For instance, a man with COPD and schizophrenia had a vision that if he smoked more, he would get healthier. He was later admitted to the ER with persistent cough and shortness of breath.
I've had several people who've had quick reentries to the hospital, which is always lousy. I had one lady that I evaluated in my first week of real work, and I remember her because I have an aunt with the same name. Most people, in meeting someone, would be at least mildly interested by that sort of anecdote, but this lady was thoroughly not amused. She needed to go to short term rehab since she'd had compression fractures and a pacemaker placed. 2 days after she got home from rehab, she fell at home and was even less happy to see me the second time around.
One of the downsides of working in acute care is that you see SO many people that it's hard to remember all the stories. The COTA has asked me once or twice about Mrs Soandso and I'll say 'can you refresh my memory?' Even with the response, 'yeah she's the frail little lady' I am usually struggling to remember. :)
An old story from my last job that I never got around to writing up- 102 year old man was taking a mini-mental. I stick out my arm and say, "what's this on my wrist?" trying to get the response "watch." Instead he says, "oh that's some kind of growth. A mole. I big mole."
Recently evaluated a man w/ very advanced Alzheimer's and Parkinson's diseases. Per the chart review, he was basically wheelchair bound at home, largely nonverbal. Yet he somehow managed to 'take his family hostage' (though no weapon was mentioned) and he was brought to the ER in handcuffs. He was far too combatitive on day 1 for me to work with- throwing things and slapping at people. When I saw him on Day 2 he was a little more calm and the PT and I were able to get him into a chair, he was able to state his first and last names, but other than that we couldn't get him to follow any simple commands or tell us anything else. Later that day, while working with his roommate, he had decided to remove all his clothing and sheets and was requiring one person's complete attention to keep him from crawling out of the bed.

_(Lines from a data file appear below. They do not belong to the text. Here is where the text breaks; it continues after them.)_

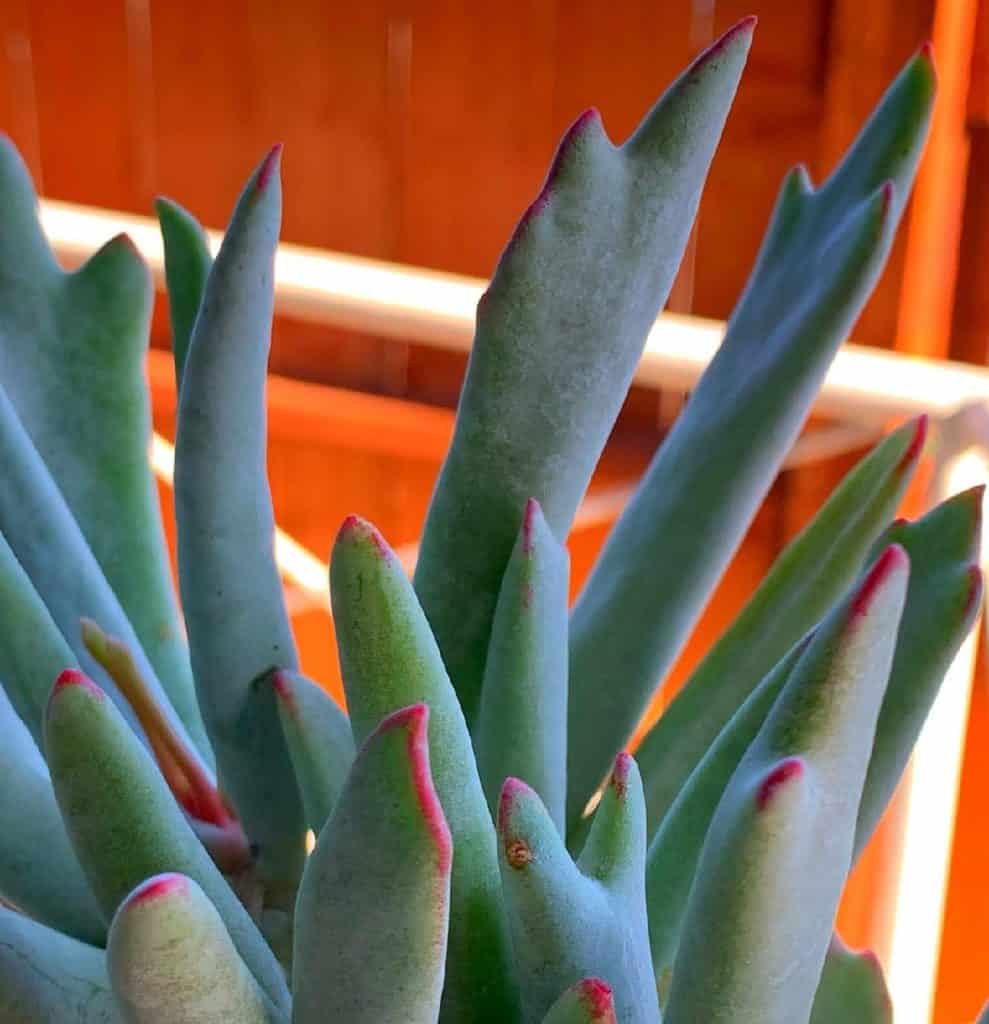 cotyledon orbiculata staghorn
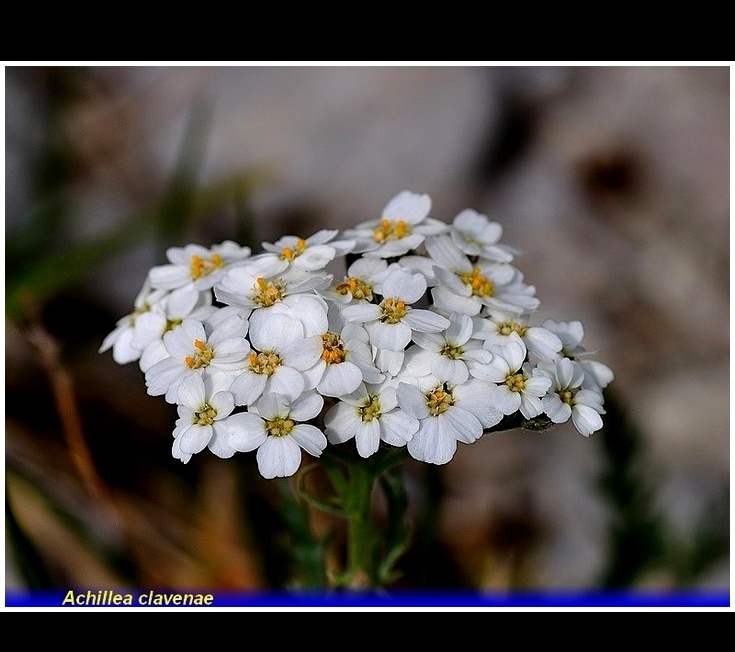 achillea clavenae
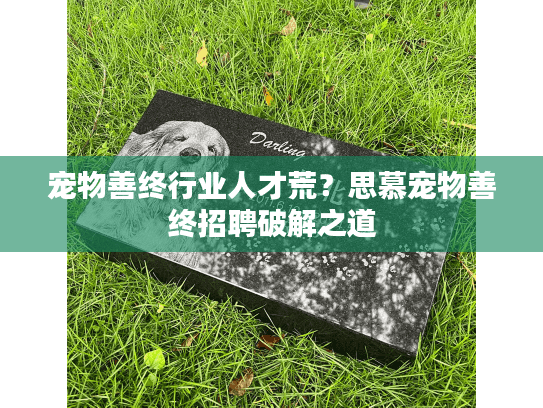 宠物善终行业人才荒?思慕宠物善终招聘破解之道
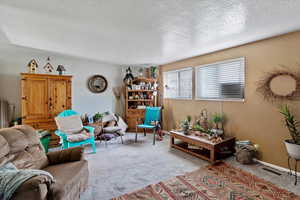 Unit 3 Living room featuring a textured ceiling and carpet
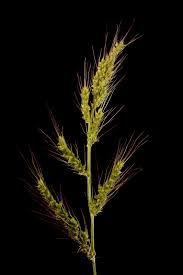 Attēlu rezultāti vaicājumam “Echinochloa crus-galli fruit”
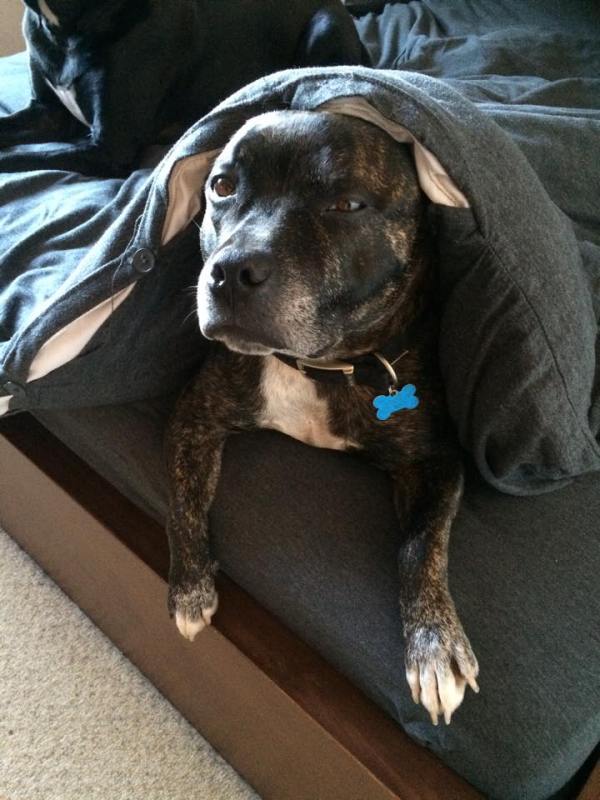 BILLY - An ex-Wellidog who inspired Gemma and Jon's Iron Run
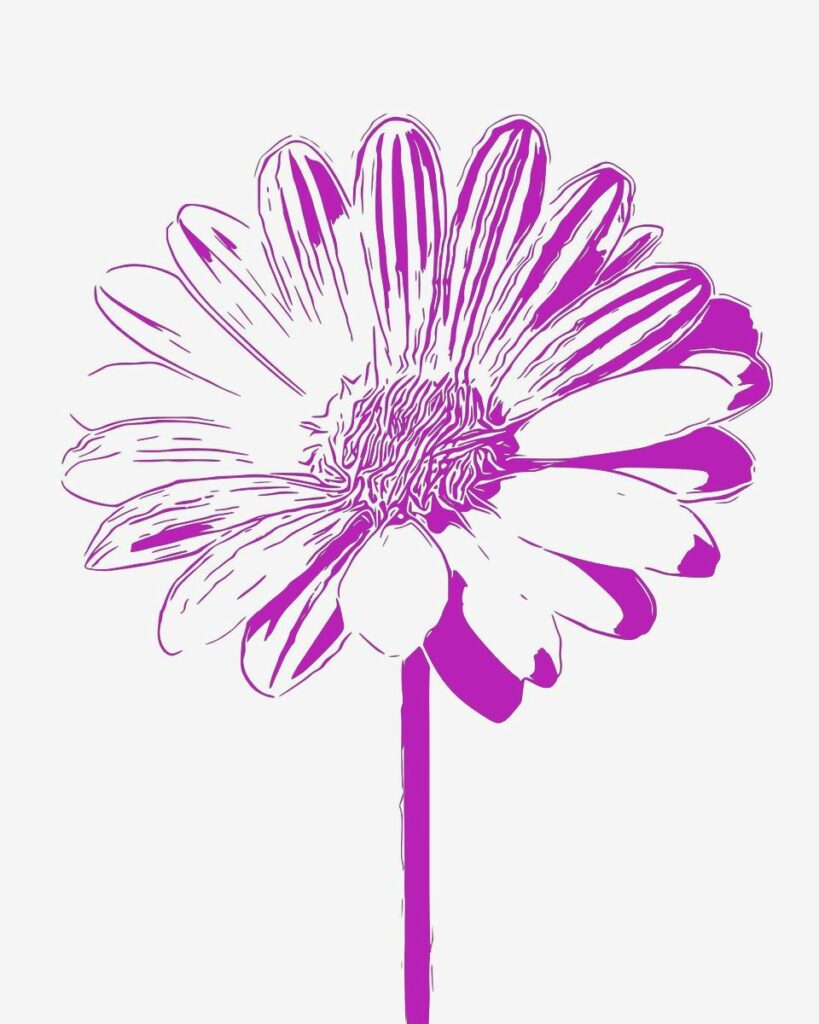 colorcinch photo to pen art 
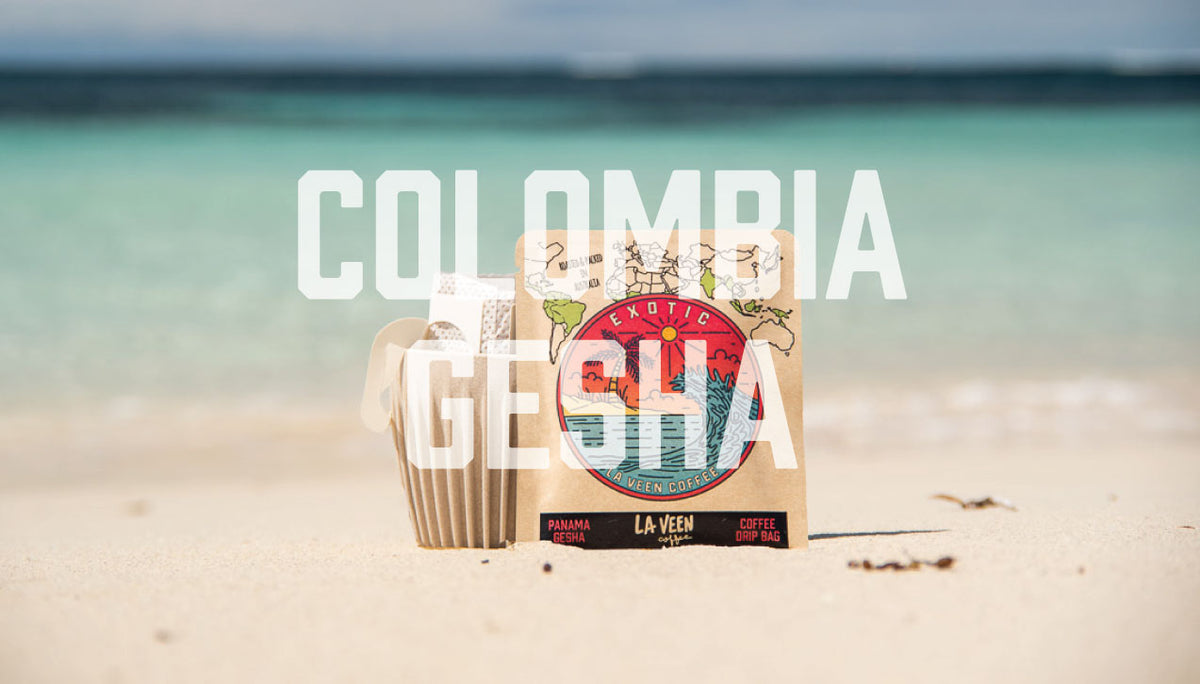 Exotic - Colombia R.Lasso [Gesha]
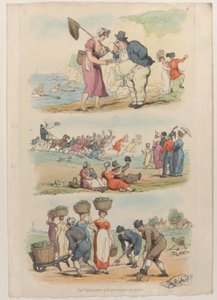 图版8，摘自《微型世界》，1816年，1816年。 作者 托马斯·罗兰森
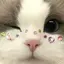 mmのプロフィール画像
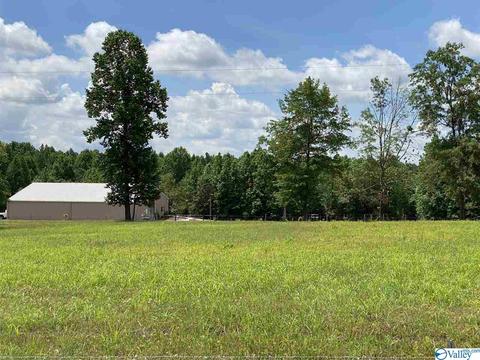 2310 County Road 49, Section, AL 35771 photo 38
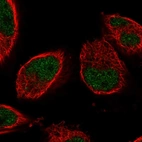 Immunofluorescent staining of human cell line U-251 MG shows localization to nucleoplasm.
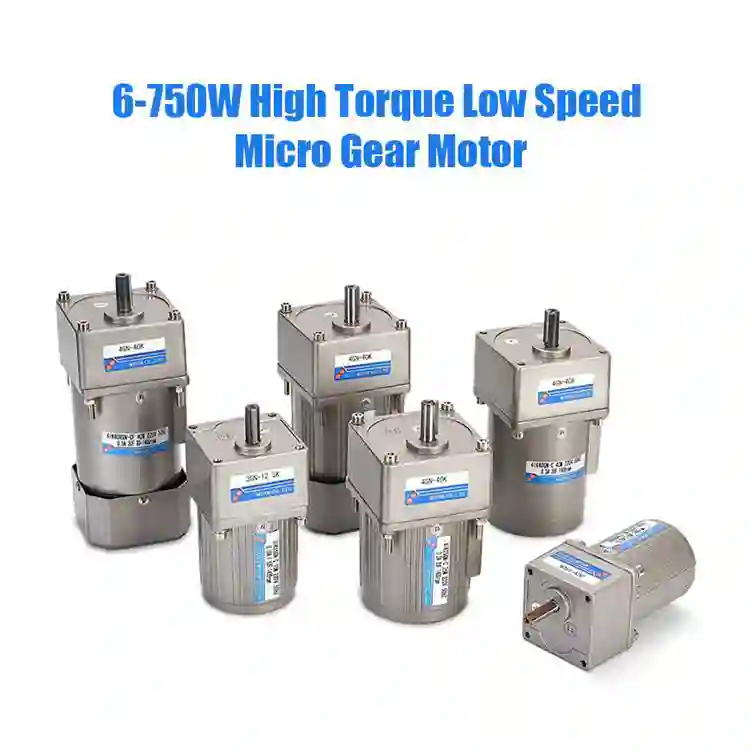 180-200W 120-380V Micro Worm Gear Induction Motor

I do not envy our case managers and some of the placements that they have had to pursue recently. It is probably just 'the way things are' but it is very difficult having people with lousy home or medical situations come in, but not have rehab needs to qualify them to go elsewhere. I am trying not to get overly bummed out about that part, since I end up with a role in the drama. It also makes me think about what choices I would make in some of these situations, which is also a downer.
Though I have tried to hide it, my coworkers have figured it out (even quicker than last time) that I am a techie. We are encouraged to do point-of-care documentation and get notes in ASAP after an eval, so we all have little tablet laptops. I had been using mine as a regular laptop, but using a touchpad all day at work and then at home was making my wrists go into agony. So I resolved to figure out how to manipulate the tablet software (despite not having regular access to preferences) so that it would suit my needs, and for the most part, I have. I attempted a few evals Friday using this strategy to document in the room, and plan to hit it hard next week and make it work. Even with just trying it out on Friday, I got comments from a lot of excited coworkers who wanted to learn how to do it too. I may need to prepare a how-to guide since I don't mind sharing but definitely didn't get out on time on Friday. My current home computer is too newly purchased to talk about such things, but a tablet wouldn't be a horrible next purchase, however, the only thing I can see it really helping with is blog entries, so it's not really worth it as yet. Suppose I could eventually look into a tablet PDA, but the smaller screen would take a longer time to make work. I may also have a problem with mine at work since one section of the screen seems to have difficulty responding to my inputs... might have a dead zone.
Some of my coworkers are very resistant to the computer documentation, I am still surprised that a lot of the departments at the hospital do not do computer documentation. Everything was computerized at my last hospital, and this one is considerably larger, so I assumed they would be more 'with the times' so to speak. I remember way-back-when, first year OT school when potential research topics were brimming in my brain and I had thought of doing a project on whether therapists with computer documentation were faster, now I am glad I didn't since it is such a hot-button issue for some. Can of worms, though it would still be interesting to see the results. Anyone else use tablet computers for point-of-care documenting?
My current metro-reading strategy of reading a paragraph as the train slows down and stops at a station is going well. Since I can't seem to time the shuttle departure right (don't know if it's possible to) I am also picking up 10-20 minutes reading time there too. I am officially CAUGHT UP on all my OT Practices that had piled up during the transition time and actually eagerly awaiting new ones since I have time to read!! I am working on responses to some articles too, hopefully will be ready to post those soon.